Several student organizations in Cal State Long Beach gathered and drafted a letter to President F. King Alexander, Provost Donald Para and College of Liberal Arts Dean Gerry Riposa to make retrofitting of the Liberal Arts buildings a priority.

Organizations such as the College of Liberal Arts Student Council (CLASC), College of the Arts Student Council (COTA), American Indian Student Council (AISC) and Educational Opportunity Program Student Organization (ESO) undersigned on the letter.

James Suazo, English education major and president of the College of Liberal Arts Student Council (CLASC), said a retrofitting plan has been consistently postponed despite the danger that students and faculties are exposed to every day.

“This issue is important because of the mere fact that, despite structural engineering reports that identified these buildings as ‘not meeting safety life requirements,’ the administration has continued to allow these buildings to be utilized,” Suazo said via email. “The letter was written after many student leaders from our college voiced concerns towards the lack of prioritization in retrofitting the buildings while other projects like the $650,000 SRWC (Student Recreation and Wellness Center) fence received the administration’s support.”

This year, lawmakers reduced the university’s budget by $650 million, leaving the Cal State University payroll just above $2 billion for 2011-12.

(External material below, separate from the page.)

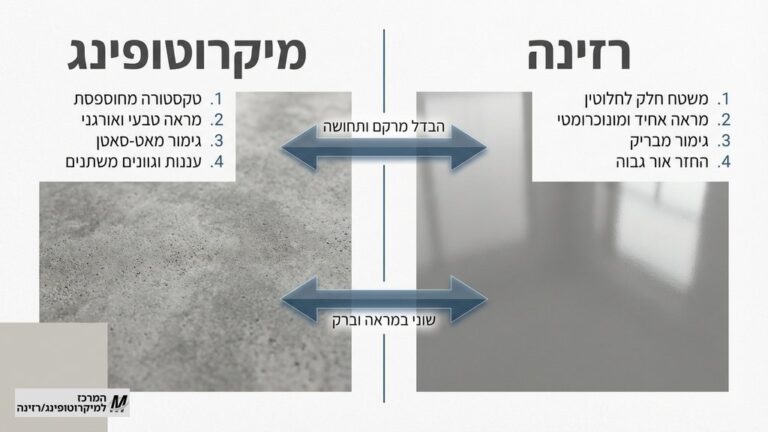 השוואה ויזואלית בין טקסטורת מיקרוטופינג מחוספסת ועננות בטון לבין משטח רזינה חלק ואחיד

If state revenues fall, an additional cut of up to $100 million would be expected. The provision has halted the planned seismic retrofitting and renovations and may push back the project by at least a year and a half.

Mary Stephens, vice president for administration and finance, explained that the school is trying its best to retrofit as soon as this summer.

“We have been working on the project for over a year and it remains our highest priority,” Stephens said via email. “We are actively planning for the seismic retrofit of these buildings with the intent of starting the project this summer, which means that the LA 2, 3 and 4 buildings will not be used next academic year.”

Stephens also mentioned that the budget cut will affect the retrofitting project’s original plan.

“Because of further state budget cuts that we expect to be enacted soon, we have had to scale back our original project plan to focus only on correcting seismic and ADA (Americans with Disability Act) issues,” Stephens said. “The re-scoped project continues to address the seismic issues that are the primary concern of students, faculty, and staff who use the buildings.”